Since their method is based on peptides, they can go into the 1M+ elements per run, where panel-based affinity methods are limited to the thousands or maybe tens of thousands.
Their estimated TAM is $85B, which is short of the other estimate touted at JPM for Proteomics as a whole, of $130B.
Quanterix does Single Molecule Array Technology (SIMOA), a Digital version of the equivalent ELISA Analog assay. Being able to go as low as femtograms per millilitre is a discovery tool for Early Disease Detection.

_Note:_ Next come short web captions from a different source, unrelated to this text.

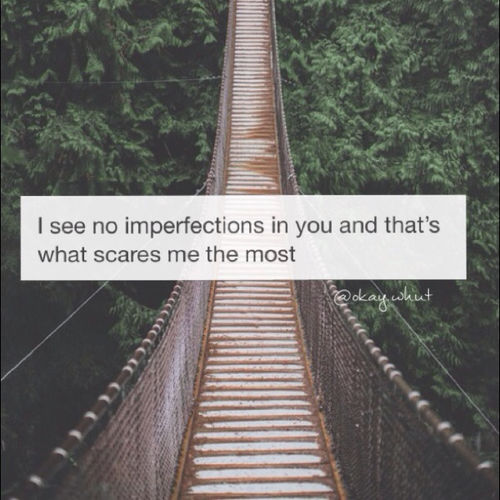 I see no imperfections in you I see no imperfections in you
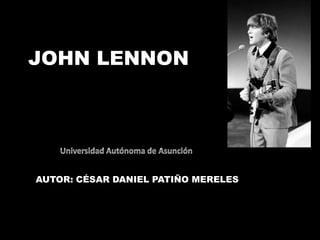 JOHN LENNON
AUTOR: CÉSAR DANIEL PATIÑO MERELES
 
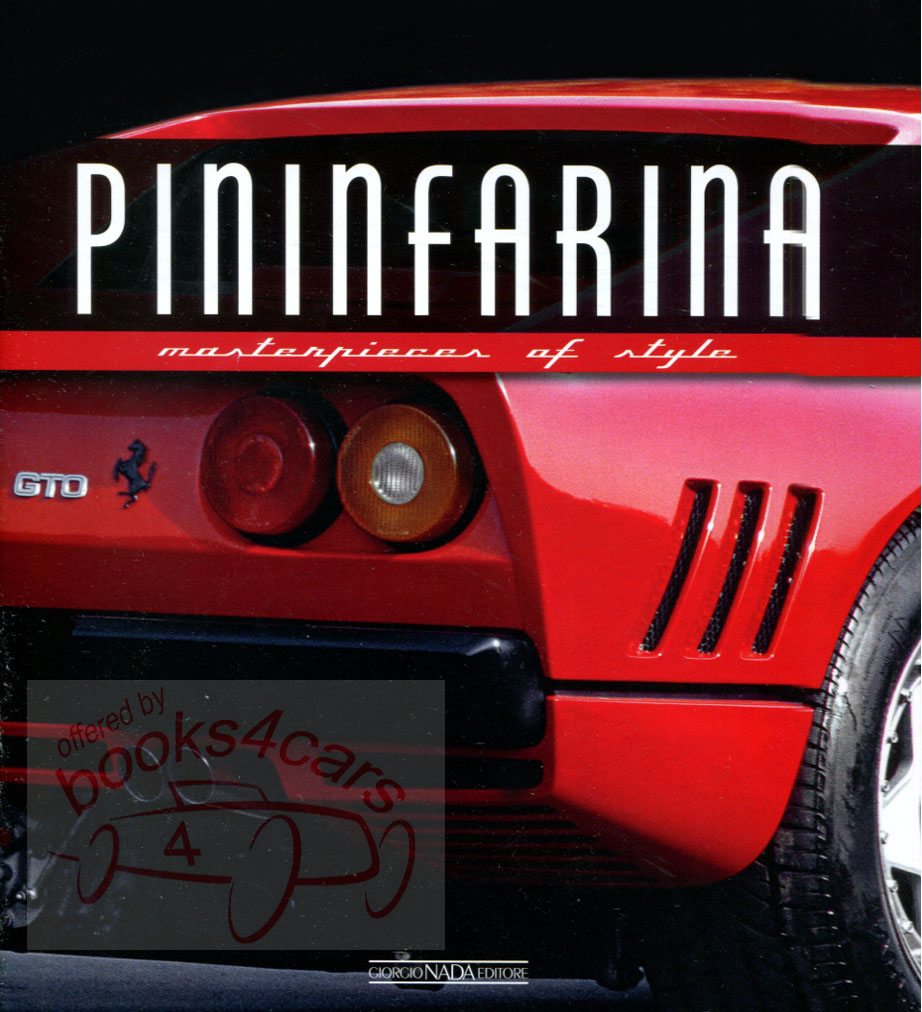 view cover of Pininfarina Masterpieces of Style 208 pages Hardcover by L. Greggio
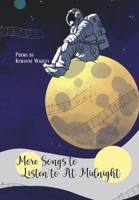 More Songs to Listen to at Midnight: More Songs B0BPVX63J8 Book Cover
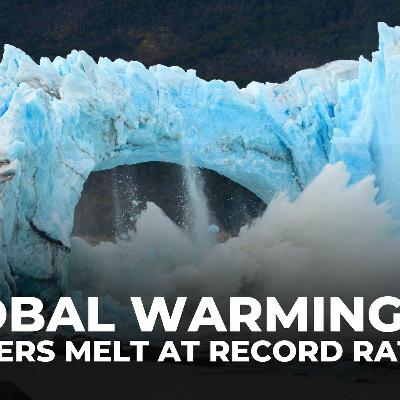 World’s glaciers melting at record speed, scientists sound alarm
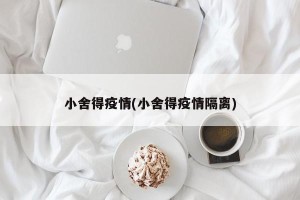 小舍得疫情(小舍得疫情隔离)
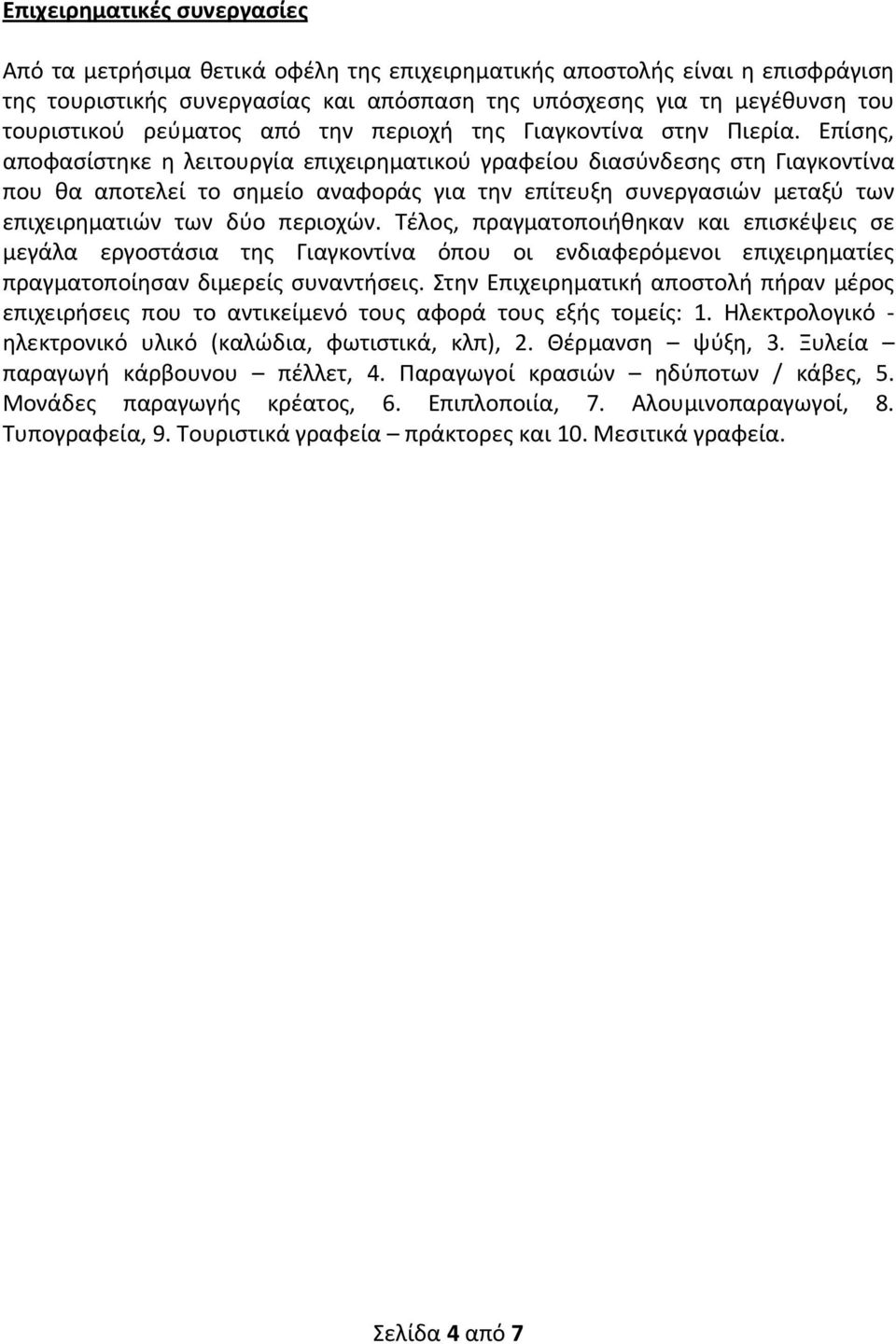 Επίσης, αποφασίστηκε η λειτουργία επιχειρηματικού γραφείου διασύνδεσης στη Γιαγκοντίνα που θα αποτελεί το σημείο αναφοράς για την επίτευξη συνεργασιών μεταξύ των επιχειρηματιών των δύο περιοχών.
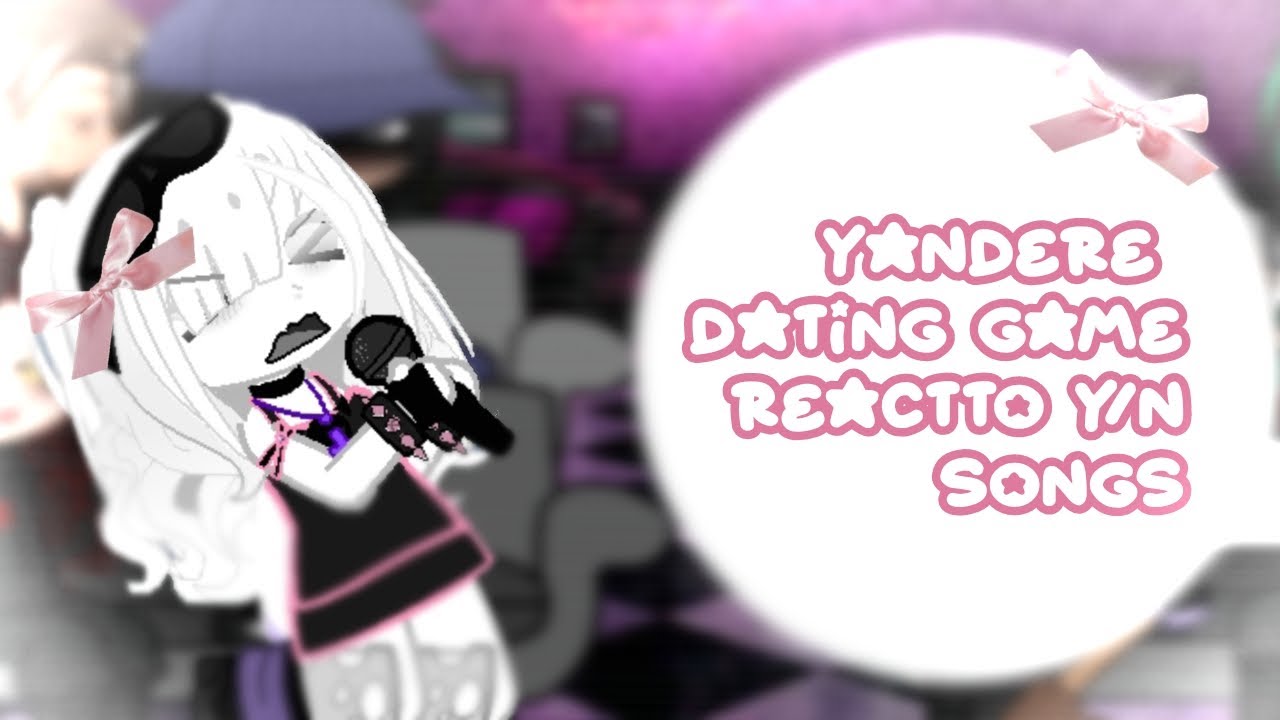 Yandere dating games react to y/n songs#songs#yandere part2? Wip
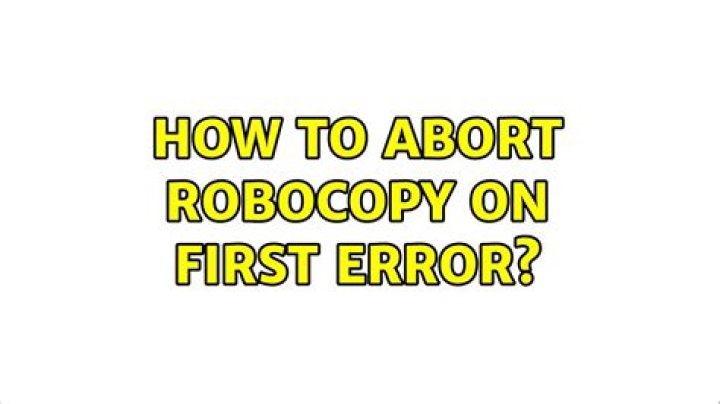 How to abort robocopy on first error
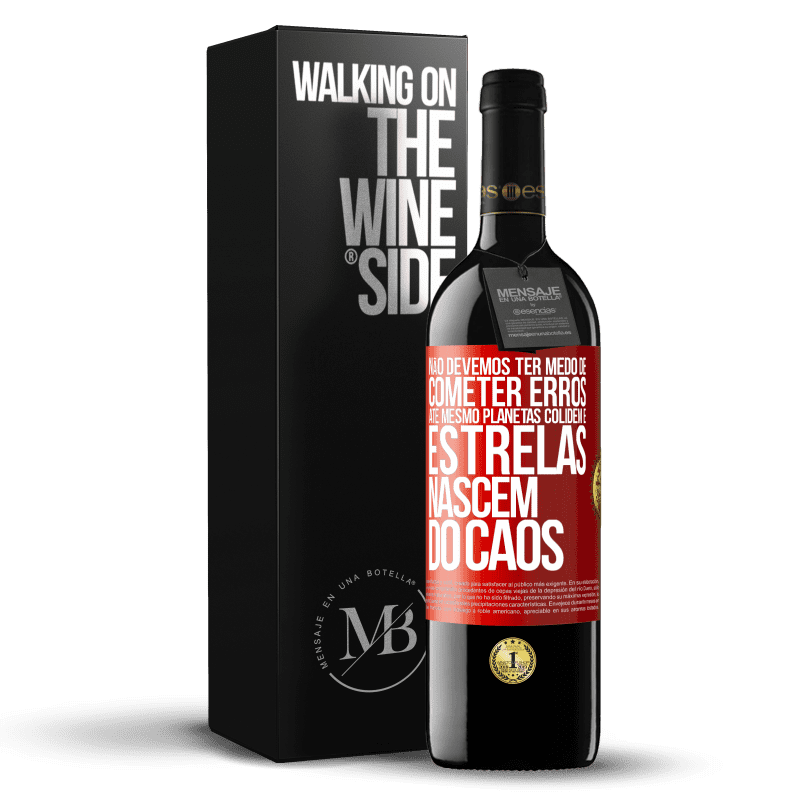 39,95 € Envio grátis | Vinho tinto Edição RED MBE Reserva Não devemos ter medo de cometer erros, até mesmo planetas colidem e estrelas nascem do caos Etiqueta Vermelha. Etiqueta personalizável Reserva 12 Meses Colheita 2016 Tempranillo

The SomaLogic technology binds SOMAmer reagents to thousands of individual proteins. The unbound proteins are washed away, and the SOMAmers are flown into an array that measures the relative concentration of the bound proteins with a colorimetric array.
It can detect up to 10 logs of dynamic range and started at 55 microliters of volume sample per assay.
They recently acquired $ISO Isoplexius, "the only single-cell platform enabling functional proteomics" (although people doing CITE-seq and co. on other single-cell technologies may differ).
Isoplexis recently announced their Duomic Multiomics technology, with combined ELISA Protein assyas with Multi-Omics of the kind people do with single-cells. It's available for human and mouse panels of cell types.